Beberapa tahun kemudian ia keluar dari Pelatda dan mulai melatih Wushu di sebuah klub di Cengkareng. Hingga tahun 2010, ia mendapat juara 2 di kejuaraan dunia Wushu di China. Maaan, orang kecil hitam pendek dari desa dapat medali di China! Ini benar-benar cambukan buatku yang sering berpikir bahwa dalam kondisi terbatas, kita tidak bisa berbuat banyak. Padahal, kita tetap bisa lakukan yang terbaik sesuai kapasitas kita.

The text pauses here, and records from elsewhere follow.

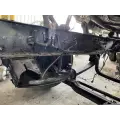 Volvo VNL Leaf Spring, Front thumbnail 1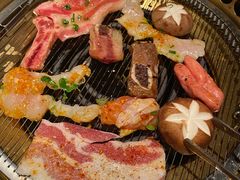 -牛家酒场(7mall店)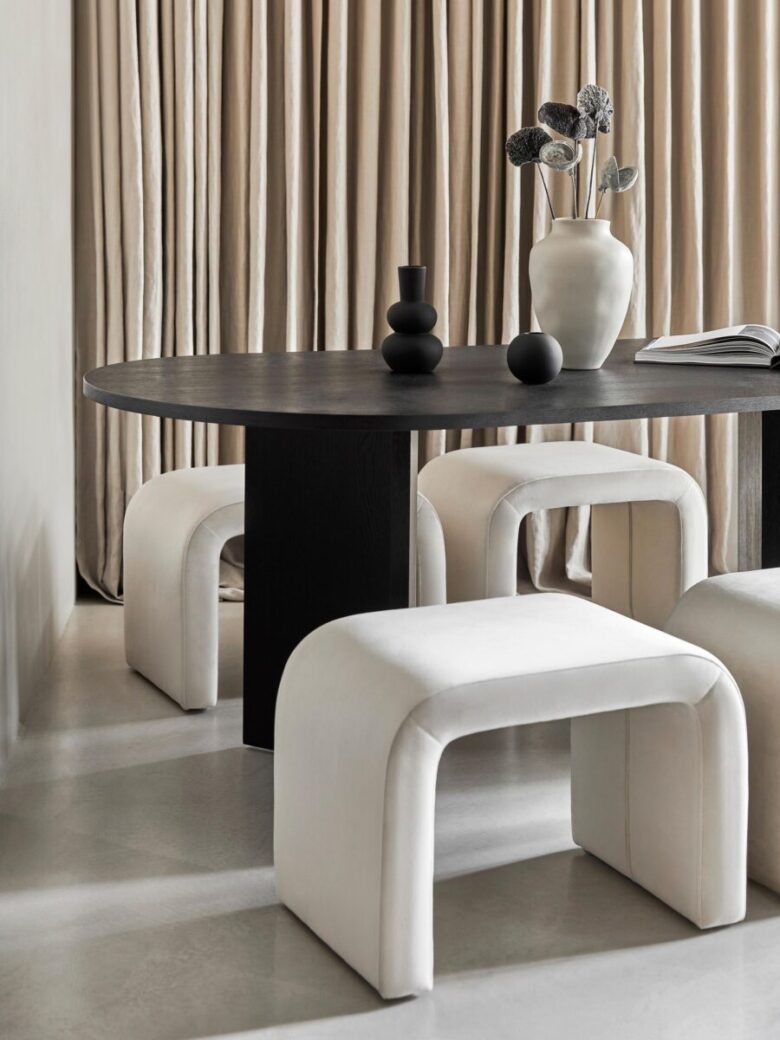 decorare-credenza-sala-da-pranzo-1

Saat itu aku masuk ke semester 3, saat kuliah di Jakarta. Kemenangan Kakakku di Kejuaraan Dunia ini menjadi inspirasi besar buatku untuk terus mengembangkan diri, meski dalam kondisi yang sangat terbatas.

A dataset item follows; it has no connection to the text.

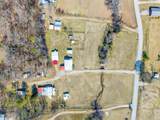 840 Bates Hollow Rd - Photo 40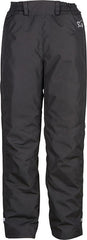 Furygan OVERCOLD PANT MEN TEXTILE PANTS, Black | 6391-1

Banyak sekali hal-hal luar biasa dari hidupnya yang terus menginspirasiku hingga kini. Hanya saja, sejak ia menjuarai banyak kejuaraan hingga pernah bantu seorang finalis Indonesia Mencari Bakat di sebuah stasiun televisi swasta hingga kini, aku belum pernah menonton aksinya ber-Wushu-ria. Akhirnya aku mendengar bahwa perayaan Imlek kemarin ia akan show di sebuah mall di Grogol.
Kemarin siang pun aku pergi dari Kelapa Gading (via terminal Pulogadung) ke Grogol; semacam dari ujung Jakarta satu ke ujung lainnya. Aku sampai di lokasi tersebut 1 jam sebelum show dimulai. Tapi kaget bukan kepalang karena tempatnya sudah dipenuhi warga yang ingin menonton pertunjukkan. Akhirnya aku hanya melihat sebentar dan memutuskan untuk pulang karena tidak tampak jelas dan kurang nyaman. Hihihihi, semoga dapat kesempatan nonton beliau show secara live lagi di suasana yang lebih nyaman.

Namun demikian, aku selalu mengagumi bagaimana ia menjalani kehidupan. Aku selalu berdoa ia mendapatkan yang terbaik buat masa depannya. Entah apa yang akan terjadi di masa depan, tapi harapanku adalah ia semakin berhikmat dan mampu menjadi berkat buat makin banyak orang. Amin.